[Data extracted from a collection]
== Segment start ==

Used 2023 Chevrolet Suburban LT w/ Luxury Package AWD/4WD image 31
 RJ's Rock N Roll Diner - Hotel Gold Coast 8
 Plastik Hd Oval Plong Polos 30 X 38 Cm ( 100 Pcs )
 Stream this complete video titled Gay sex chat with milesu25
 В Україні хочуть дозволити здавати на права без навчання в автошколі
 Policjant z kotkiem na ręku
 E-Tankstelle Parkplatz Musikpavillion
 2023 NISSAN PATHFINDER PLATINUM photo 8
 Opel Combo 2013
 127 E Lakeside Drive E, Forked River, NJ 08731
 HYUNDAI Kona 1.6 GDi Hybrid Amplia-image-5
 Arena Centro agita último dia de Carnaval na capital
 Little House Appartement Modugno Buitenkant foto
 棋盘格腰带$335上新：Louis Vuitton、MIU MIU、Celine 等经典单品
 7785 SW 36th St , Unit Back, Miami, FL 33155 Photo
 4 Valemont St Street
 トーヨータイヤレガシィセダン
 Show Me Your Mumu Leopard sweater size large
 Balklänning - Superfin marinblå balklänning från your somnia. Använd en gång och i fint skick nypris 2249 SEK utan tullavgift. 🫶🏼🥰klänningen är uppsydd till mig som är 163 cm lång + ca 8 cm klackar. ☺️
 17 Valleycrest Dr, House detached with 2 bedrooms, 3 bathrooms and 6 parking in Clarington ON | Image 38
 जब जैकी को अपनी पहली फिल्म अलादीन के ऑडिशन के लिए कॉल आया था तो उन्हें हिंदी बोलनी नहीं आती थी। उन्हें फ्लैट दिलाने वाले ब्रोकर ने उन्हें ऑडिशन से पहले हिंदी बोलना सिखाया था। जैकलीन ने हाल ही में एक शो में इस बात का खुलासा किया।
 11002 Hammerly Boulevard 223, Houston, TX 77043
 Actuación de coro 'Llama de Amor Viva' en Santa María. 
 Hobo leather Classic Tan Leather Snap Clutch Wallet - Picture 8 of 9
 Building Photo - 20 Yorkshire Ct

== Segment end ==

In the records above, return precisely the line containing "Plastik Hd Oval" and each line that comes after it, up to the final one.

 Plastik Hd Oval Plong Polos 30 X 38 Cm ( 100 Pcs )
 Stream this complete video titled Gay sex chat with milesu25
 В Україні хочуть дозволити здавати на права без навчання в автошколі
 Policjant z kotkiem na ręku
 E-Tankstelle Parkplatz Musikpavillion
 2023 NISSAN PATHFINDER PLATINUM photo 8
 Opel Combo 2013
 127 E Lakeside Drive E, Forked River, NJ 08731
 HYUNDAI Kona 1.6 GDi Hybrid Amplia-image-5
 Arena Centro agita último dia de Carnaval na capital
 Little House Appartement Modugno Buitenkant foto
 棋盘格腰带$335上新：Louis Vuitton、MIU MIU、Celine 等经典单品
 7785 SW 36th St , Unit Back, Miami, FL 33155 Photo
 4 Valemont St Street
 トーヨータイヤレガシィセダン
 Show Me Your Mumu Leopard sweater size large
 Balklänning - Superfin marinblå balklänning från your somnia. Använd en gång och i fint skick nypris 2249 SEK utan tullavgift. 🫶🏼🥰klänningen är uppsydd till mig som är 163 cm lång + ca 8 cm klackar. ☺️
 17 Valleycrest Dr, House detached with 2 bedrooms, 3 bathrooms and 6 parking in Clarington ON | Image 38
 जब जैकी को अपनी पहली फिल्म अलादीन के ऑडिशन के लिए कॉल आया था तो उन्हें हिंदी बोलनी नहीं आती थी। उन्हें फ्लैट दिलाने वाले ब्रोकर ने उन्हें ऑडिशन से पहले हिंदी बोलना सिखाया था। जैकलीन ने हाल ही में एक शो में इस बात का खुलासा किया।
 11002 Hammerly Boulevard 223, Houston, TX 77043
 Actuación de coro 'Llama de Amor Viva' en Santa María. 
 Hobo leather Classic Tan Leather Snap Clutch Wallet - Picture 8 of 9
 Building Photo - 20 Yorkshire Ct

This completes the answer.